WHAT THIS TASK INVOLVES:
Only the lines below starting at the one containing "Chaises et tables pour café - 2" and ending at the one containing "Used 2023 Kia Sportage EX FWD image 19" belong in the answer, each copied exactly.
** Opening STUDY MATERIAL block **
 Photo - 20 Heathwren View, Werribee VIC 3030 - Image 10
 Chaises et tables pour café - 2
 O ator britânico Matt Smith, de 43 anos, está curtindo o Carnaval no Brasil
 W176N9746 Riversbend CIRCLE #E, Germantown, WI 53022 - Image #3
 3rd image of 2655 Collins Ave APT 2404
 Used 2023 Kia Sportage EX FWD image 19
** Closing STUDY MATERIAL block **
** Opening STUDY MATERIAL block **
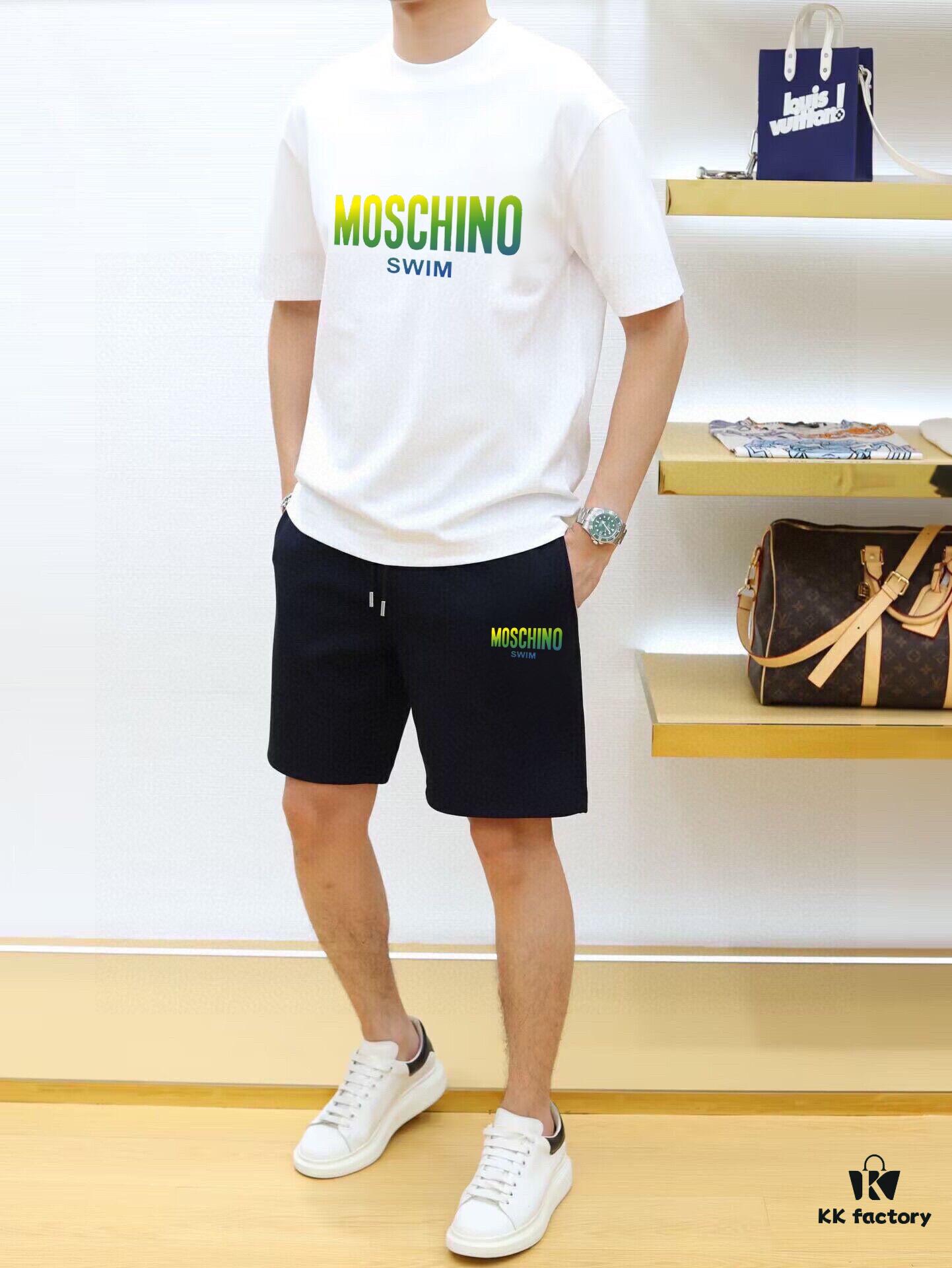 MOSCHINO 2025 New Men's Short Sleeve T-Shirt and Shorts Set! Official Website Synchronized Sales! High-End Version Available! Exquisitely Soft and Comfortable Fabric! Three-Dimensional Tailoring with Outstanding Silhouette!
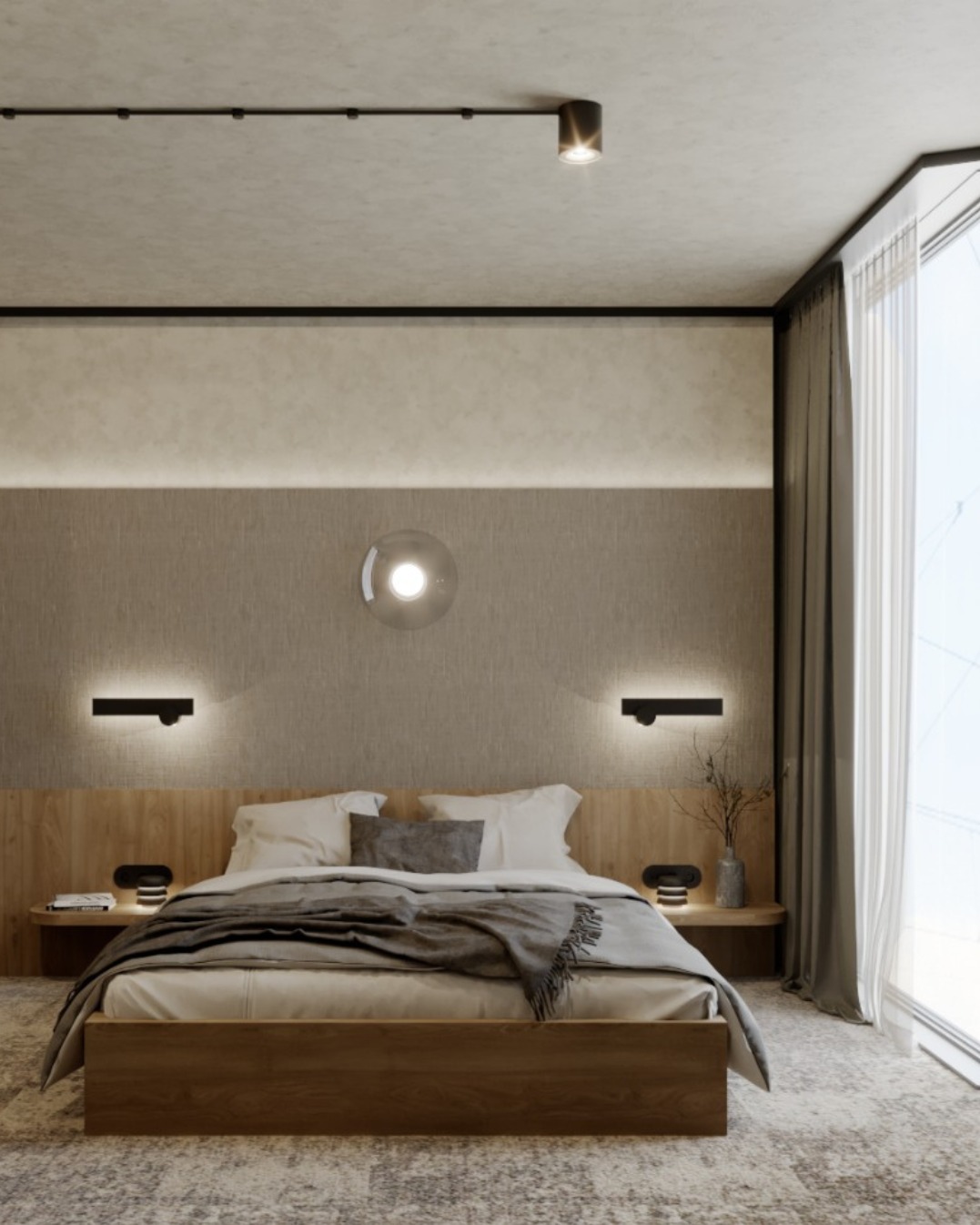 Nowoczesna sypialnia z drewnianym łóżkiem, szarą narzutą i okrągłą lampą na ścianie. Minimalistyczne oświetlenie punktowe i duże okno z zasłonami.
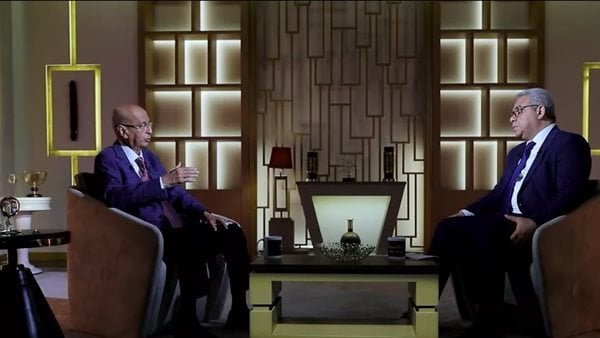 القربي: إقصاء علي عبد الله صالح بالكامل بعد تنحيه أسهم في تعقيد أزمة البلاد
** Closing STUDY MATERIAL block **
RESULT OF THE EXERCISE:
 Chaises et tables pour café - 2
 O ator britânico Matt Smith, de 43 anos, está curtindo o Carnaval no Brasil
 W176N9746 Riversbend CIRCLE #E, Germantown, WI 53022 - Image #3
 3rd image of 2655 Collins Ave APT 2404
 Used 2023 Kia Sportage EX FWD image 19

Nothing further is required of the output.